Quando têm amigos, pode ser mais fácil, mas nem por isso menos humilhante: “Os amigos entram primeiro e veem se está alguém, depois ficam à porta a ver se aparece alguém e só saem quando lhes dizem que podem sair. Não podem entrar em sair livremente como qualquer outra pessoa”, explicou a psicóloga, com base em depoimentos de crianças e famílias.
Mas há casos de sucesso, como uma escola em Vila do Conde, que criou uma “casa de banho sem género”, à semelhança do que acontece nos aviões ou em alguns restaurantes.
Amanda, hoje com 18 anos, também ia a casa, porque ficava perto, mas desde sempre a escola de Beja, onde estudou, lhe abriu as portas das casas de banho dos professores.

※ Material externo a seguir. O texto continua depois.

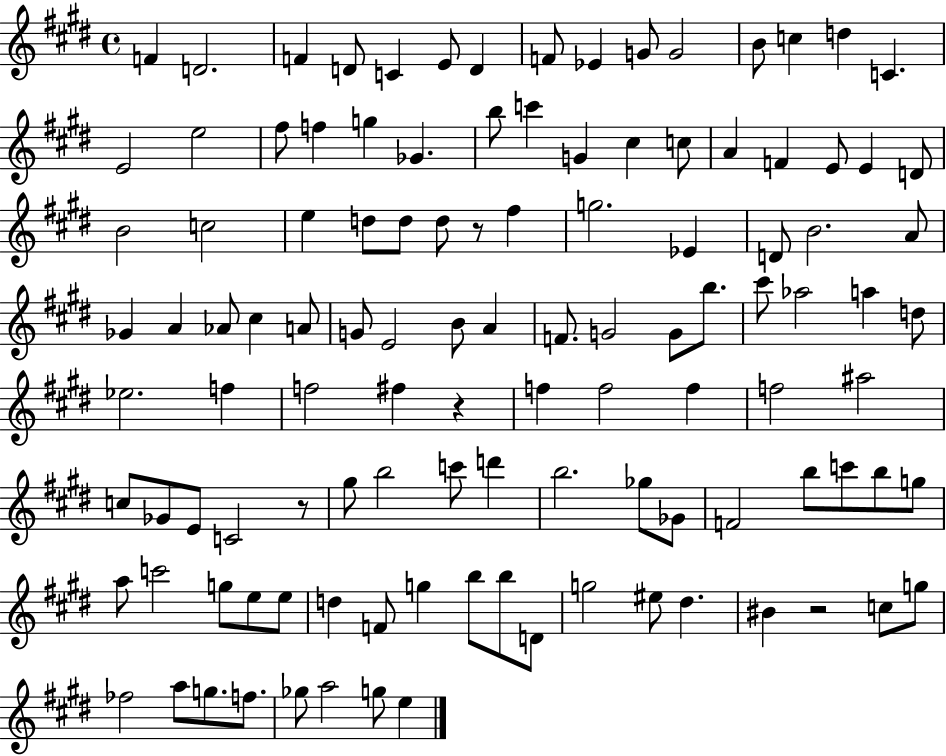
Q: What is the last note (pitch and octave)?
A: E5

Numa terra pequena, de interior, em que toda a gente se conhece, o processo de transformação social foi “super tranquilo”, contou a mãe, e a aluna acabou por usar o wc das raparigas.
O tema motivou pelo menos uma queixa em 2022 à Comissão Para a Cidadania e a Igualdade de Género (CIG), além de dois pedidos de informação sobre a utilização de casas de banho e outro sobre a utilização de balneários.
Para as crianças, adolescentes e famílias com quem a Lusa falou é essencial a promulgação do diploma que define as regras de como devem agir as escolas e que foi aprovado este mês no parlamento.
Mesmo as famílias que sentiram o apoio da escola, como a de Amanda, apelam a Marcelo Rebelo de Sousa para que aprove a lei “que vai ajudar muitos miúdos que infelizmente frequentam escolas onde se continua a dizer ‘se’ e ‘mas’ para colocar entraves, quando se está só a falar de direitos humanos, nada mais”.